I am looking for (an elegant proof or a proof that does not use so many results) that a nonsingular upper triangular matrix $A$ has an upper triangular inverse. Here is what I have:
Nonsingular $\iff \det(A) \neq 0 \iff$ the rows of $A$ form a basis for $\mathbb{R}^n$
This is where my proof is "awkward/not-elegant/I'm not so sure what to do": From here we can just apply the reduced-row-reduction algorithm. And we will get $I$ the identity matrix.

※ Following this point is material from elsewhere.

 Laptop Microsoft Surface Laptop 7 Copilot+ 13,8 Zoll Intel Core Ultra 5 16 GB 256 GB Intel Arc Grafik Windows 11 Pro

Thus $A^{-1}$ is the product of elementary matrices multiplied by $A$.\
- I guess a good proof would show that we will indeed get the identity matrix.
Best Answer
Hint
We have $$A^{-1}=\frac{1}{\det A}\mathrm{Adj}(A)$$ Do you know how we calculate the adjugate of $A$?
Added: Another proof: Let $T_n$ denote the vector space of $n$ by $n$ upper triangular matrices and define the linear transformation: $$f_A: T_n\rightarrow T_n,\quad M\mapsto AM$$ so $f_A$ is well defined since the product of two upper triangular matrices is upper triangular and if $M\in\ker f_A$ then $f_A(M)=AM=0$ so $A^{-1}AM=M=0$ and then $f_A$ is injective so it's also bijective (since $T_n$ is a finite dimensional vector space).
Now since $I_n\in T_n$ then there's a unique matrix $X\in T_n$ such that $f_A(X)=AX=I_n$ so $X=A^{-1}$ is an upper triangular matrix.